Machine learning-assisted decision-support models to better predict patients with calculous pyonephrosis

Transl Androl Urol. 2021 Feb;10(2):710-723. doi: 10.21037/tau-20-1208.

Abstract

Background: To develop a machine learning (ML)-assisted model capable of accurately identifying patients with calculous pyonephrosis before making treatment decisions by integrating multiple clinical characteristics.

Methods: We retrospectively collected data from patients with obstructed hydronephrosis who underwent retrograde ureteral stent insertion, percutaneous nephrostomy (PCN), or percutaneous nephrolithotomy (PCNL). The study cohort was divided into training and testing datasets in a 70:30 ratio for further analysis. We developed 5 ML-assisted models from 22 clinical features using logistic regression (LR), LR optimized by least absolute shrinkage and selection operator (Lasso) regularization (Lasso-LR), support vector machine (SVM), extreme gradient boosting (XGBoost), and random forest (RF). The area under the curve (AUC) was applied to determine the model with the highest discrimination. Decision curve analysis (DCA) was used to investigate the clinical net benefit associated with using the predictive models.

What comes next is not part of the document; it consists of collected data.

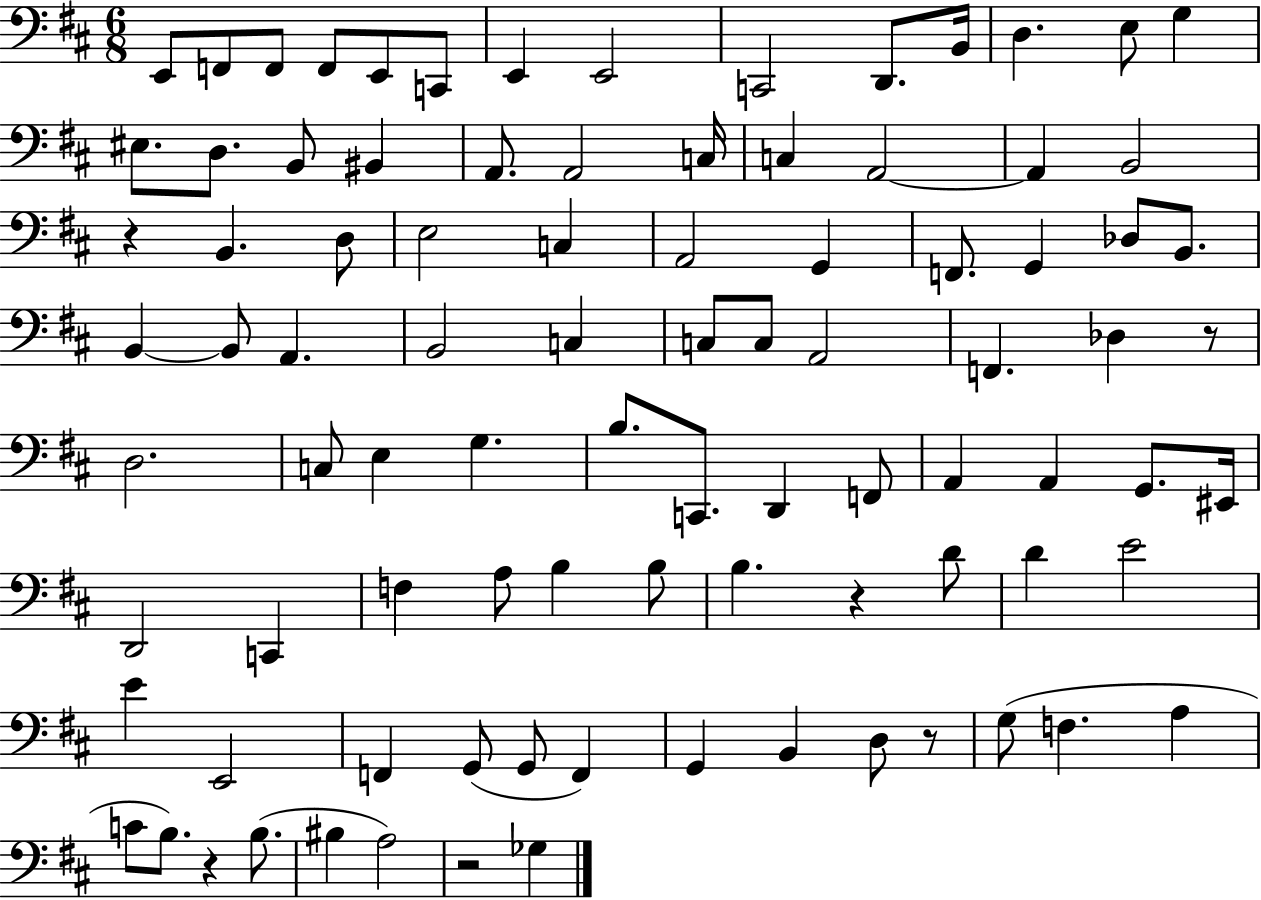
{
  \clef bass
  \numericTimeSignature
  \time 6/8
  \key d \major
  \repeat volta 2 { e,8 f,8 f,8 f,8 e,8 c,8 | e,4 e,2 | c,2 d,8. b,16 | d4. e8 g4 | \break eis8. d8. b,8 bis,4 | a,8. a,2 c16 | c4 a,2~~ | a,4 b,2 | \break r4 b,4. d8 | e2 c4 | a,2 g,4 | f,8. g,4 des8 b,8. | \break b,4~~ b,8 a,4. | b,2 c4 | c8 c8 a,2 | f,4. des4 r8 | \break d2. | c8 e4 g4. | b8. c,8. d,4 f,8 | a,4 a,4 g,8. eis,16 | \break d,2 c,4 | f4 a8 b4 b8 | b4. r4 d'8 | d'4 e'2 | \break e'4 e,2 | f,4 g,8( g,8 f,4) | g,4 b,4 d8 r8 | g8( f4. a4 | \break c'8 b8.) r4 b8.( | bis4 a2) | r2 ges4 | } \bar "|."
}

Results: A total of 322 patients were included, with 225 patients in the training dataset, and 97 patients in the testing dataset. The XGBoost model showed good discrimination with the AUC, accuracy, sensitivity, specificity, positive predictive value (PPV), and negative predictive value (NPV) of 0.981, 0.991, 0.962, 1.000, 1.000, and 0.989, respectively, followed by SVM [AUC =0.985, 95% confidence interval (CI): 0.970-1.000], Lasso-LR (AUC =0.977, 95% CI: 0.958-0.996), LR (AUC =0.936, 95% CI: 0.905-0.968), and RF (AUC =0.920, 95% CI: 0.870-0.970). Validation of the model showed that SVM yielded the highest AUC (0.977, 95% CI: 0.952-1.000), followed by Lasso-LR (AUC =0.959, 95% CI: 0.921-0.997), XGBoost (AUC =0.958, 95% CI: 0.902-1.000), LR (AUC =0.932, 95% CI: 0.878-0.987), and RF (AUC =0.868, 95% CI: 0.779-0.958) in the testing dataset.

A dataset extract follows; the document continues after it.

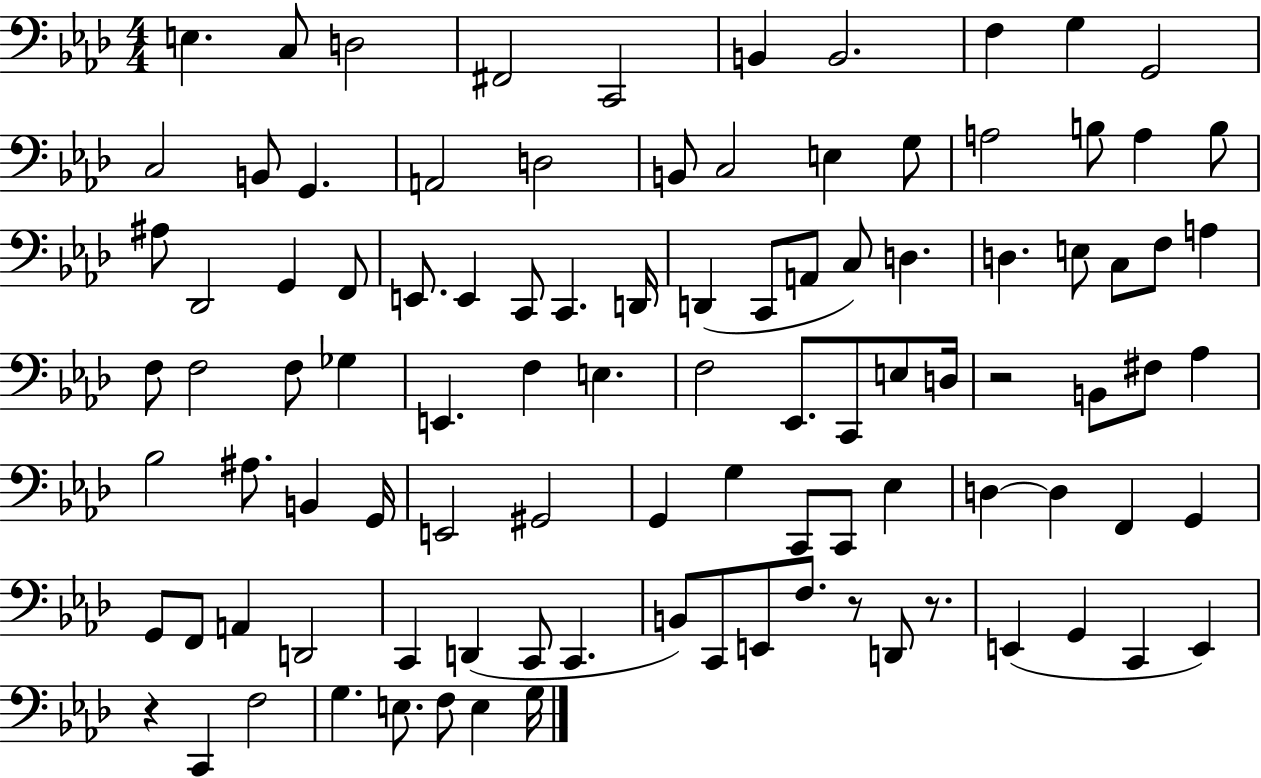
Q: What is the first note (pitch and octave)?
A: E3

Conclusions: Our ML-based models had good discrimination in predicting patients with obstructed hydronephrosis at high risk of harboring pyonephrosis, and the use of these models may be greatly beneficial to urologists in treatment planning, patient selection, and decision-making.

Keywords: Calculous pyonephrosis; hydronephrosis; machine learning (ML).